DATASET EXCERPT.
[Start of Attachment]
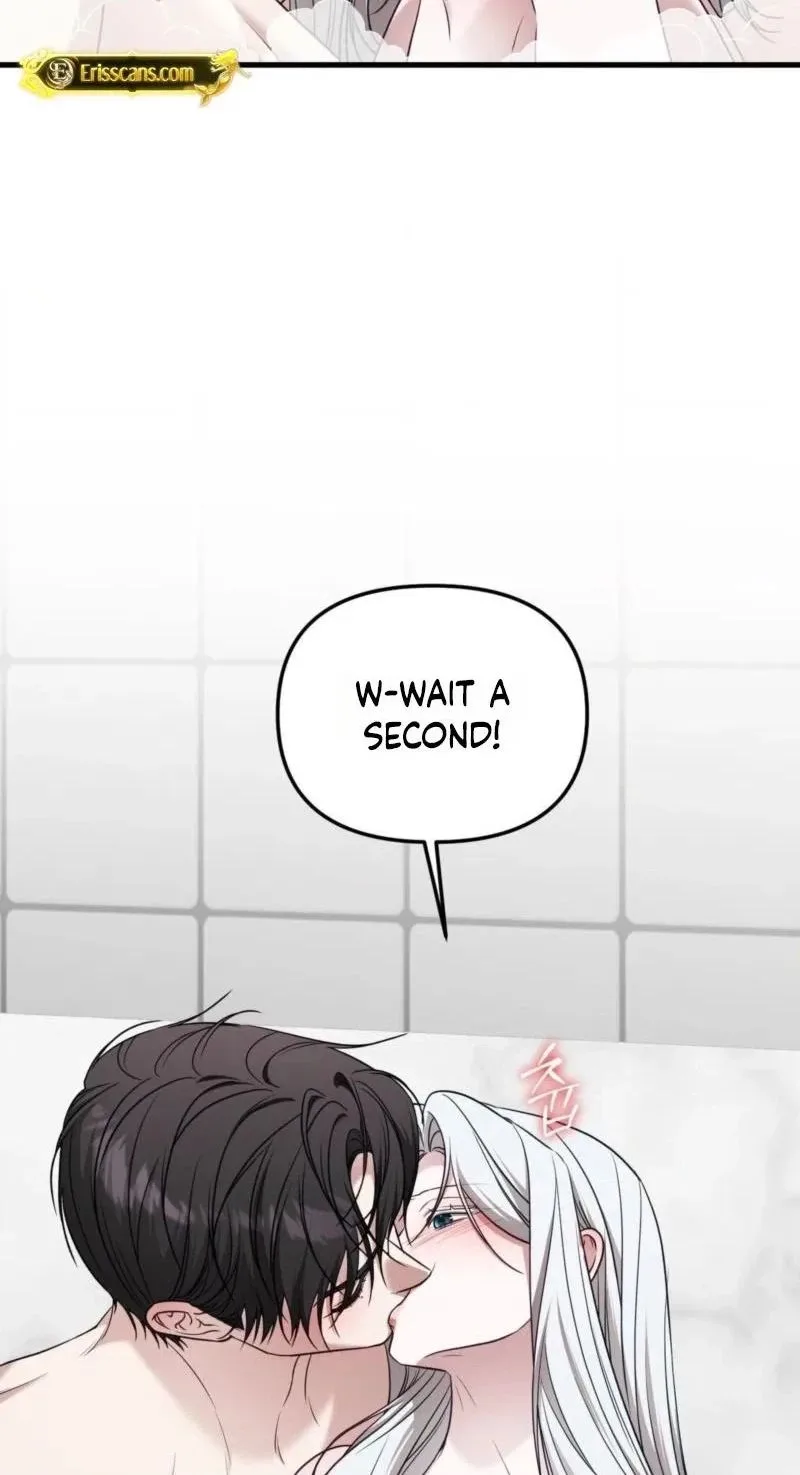 This Childhood Friend is Doomed Chapter 7 page 60
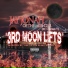 Jay Jonah feat. Coolie T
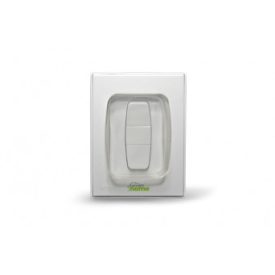 DC225 Kültéri vízmentes kapcsoló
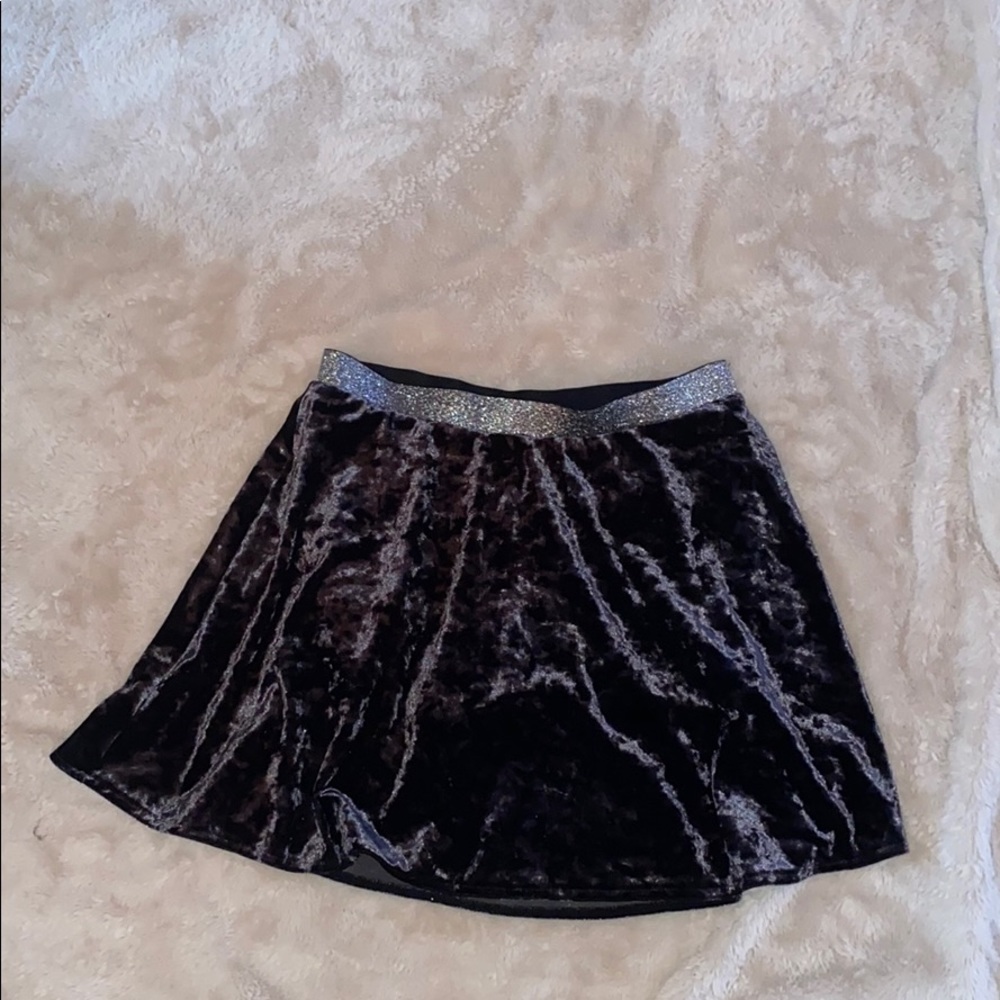 Arizona Jean company skater skirt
[End of Attachment]
GOAL OF THE EXERCISE. Every line of the listing above is to be set down verbatim, without the pictures.

EXERCISE RESULT.
 This Childhood Friend is Doomed Chapter 7 page 60
 Jay Jonah feat. Coolie T
 DC225 Kültéri vízmentes kapcsoló
 Arizona Jean company skater skirt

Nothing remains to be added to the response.